Why this disparate treatment of looks in so many areas of life? It’s a matter of simple prejudice. Most of us, regardless of our professed attitudes, prefer as customers to buy from better-looking salespeople, as jurors to listen to better-looking attorneys, as voters to be led by better-looking politicians, as students to learn from better-looking professors. This is not a matter of evil employers’ refusing to hire the ugly: in our roles as workers, customers and potential lovers we are all responsible for these effects.
Then he starts getting crazy

A more radical solution may be needed: why not offer legal protections to the ugly, as we do with racial, ethnic and religious minorities, women and handicapped individuals?
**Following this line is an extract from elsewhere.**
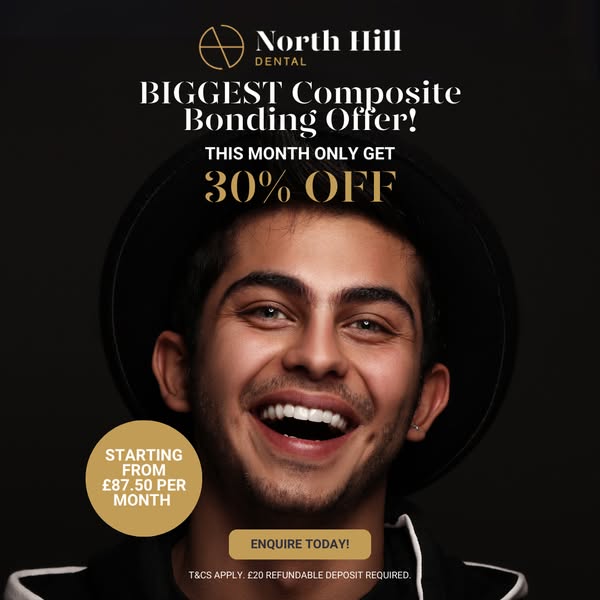 30% OFF Bonding - Limited Time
We actually already do offer such protections in a few places, including in some jurisdictions in California, and in the District of Columbia, where discriminatory treatment based on looks in hiring, promotions, housing and other areas is prohibited. Ugliness could be protected generally in the United States by small extensions of the Americans With Disabilities Act. Ugly people could be allowed to seek help from the Equal Employment Opportunity Commission and other agencies in overcoming the effects of discrimination. We could even have affirmative-action programs for the ugly.

The mechanics of legislating this kind of protection are not as difficult as you might think. You might argue that people can’t be classified by their looks — that beauty is in the eye of the beholder. That aphorism is correct in one sense: if asked who is the most beautiful person in a group of beautiful people, you and I might well have different answers. But when it comes to differentiating classes of attractiveness, we all view beauty similarly: someone whom you consider good-looking will be viewed similarly by most others; someone you consider ugly will be viewed as ugly by most others. In one study, more than half of a group of people were assessed identically by each of two observers using a five-point scale; and very few assessments differed by more than one point.
For purposes of administering a law, we surely could agree on who is truly ugly, perhaps the worst-looking 1 or 2 percent of the population. The difficulties in classification are little greater than those faced in deciding who qualifies for protection on grounds of disabilities that limit the activities of daily life, as shown by conflicting decisions in numerous legal cases involving obesity.

This guy is serious.  Maybe there could be some sort of sliding scale were the uglier one is the more help they get. The government could start out with something like "unconventional looks, aesthetically challenged, or forever virgin" and then move on to other terms as a persons looks got worse:
  • got a great face for radio.
  • look like they fell out of the ugly tree, hit all of the branches on the way down and got tangled up in the roots!
  • coyote ugly
  • Alan Colmes
  • beat with the ugly stick
  • double coyote ugly 
  • 4 drink minimum
  • OMG so fugly I want to puke
 I am sure the liberals can come up with their own terms.  The way things are going soon there will be protected minority called "People who are not in a minority." Maybe its time to stop this nonsense and understand that maybe if we stop trying to make excuses for why people succeed or not, more people will have the confidence to do their best and try and succeed.

At least that's the position of this fat, bald, very good looking Jewish guy, who hasn't had a full time job since Barack Obama became President (not that I am blaming anyone).